Genotropin (somatropin, rbe) & Patient Transition

Treatment in young adults and adolescents

Continued growth hormone (GH) treatment can have benefits beyond final height 1-11

Not all adolescent patients will need to continue GH therapy after reaching final height. However, some adult patients with growth hormone deficiency (GHD) may see benefits by continuing GH therapy beyond final height: 12

  • Proven maturation of body composition

Continuing GH therapy after final height increases lean body mass and decreases fat mass 2-4

  • Increase in bone mass and density

Continuing GH therapy induces a significant progression towards peak bone mass 5,6

Continuation of Genotropin (somatropin) therapy beyond final height helps ensure that childhood-onset GHD patients achieve full somatic development 1-11

Current Guidelines for Patient Transition to Adult Treatment

Children with GH deficiency should be treated as outlined in the NICE Technology Appraisal Guidance 188.13

When linear growth has been achieved with a growth rate < 2 cm/year, GH treatment should be stopped for 2–3 months, and then GH status should be re-assessed.

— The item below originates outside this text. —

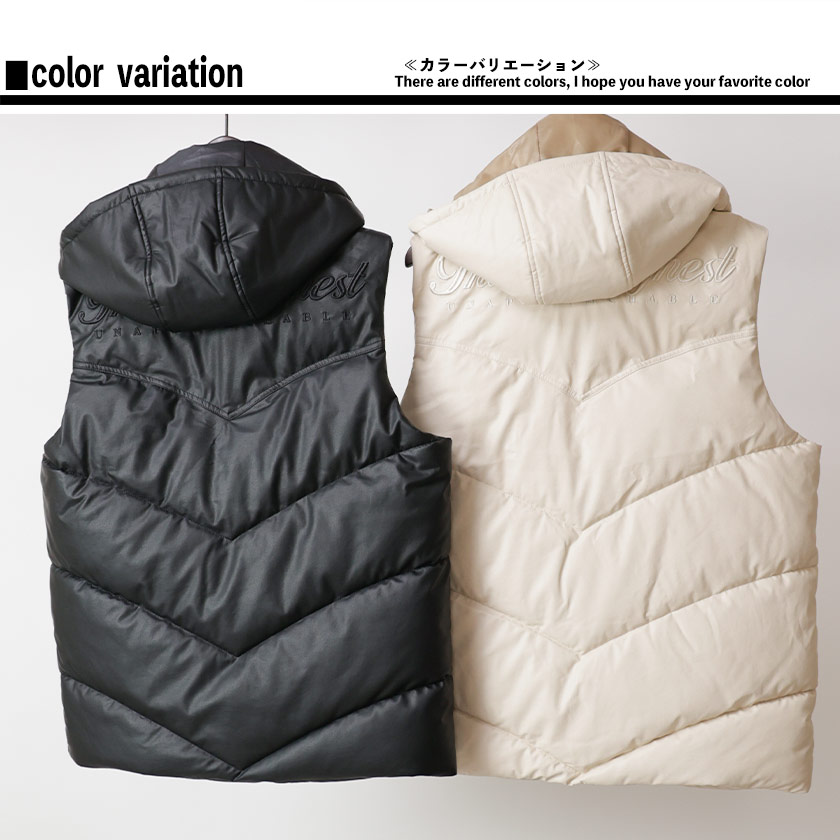 楽天市場】Norton ノートン ベスト メンズ 合皮 中綿 ダウンベスト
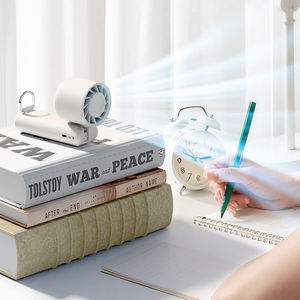 1200MAh Có Thể Sạc Lại USB Tay Fan LED Hiển Thị Kỹ Thuật Số Electr Di Động Gấp Cầm Tay Fan Mini Fan Với Móc Khóa - Product Image 5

As outlined in the NICE Technology Appraisal Guidance TA6414 GH treatment at adult doses should be re-started only in those satisfying the biochemical criteria for severe GH deficiency (defined as a peak GH response of less than 9 mU/litre (3 ng/ml) during an insulin tolerance test or a cross-validated GH threshold in an equivalent test), and continued until adult peak bone mass has been achieved (normally around 25 years of age).

After adult peak bone mass has been achieved, the decision to continue growth hormone treatment should be based on all the specified criteria for adult growth hormone replacement therapy .

Support Materials for Patients

Pfizer has developed booklets to support young adults transitioning to adult care.

Please visit our Helpline and Support page for further information.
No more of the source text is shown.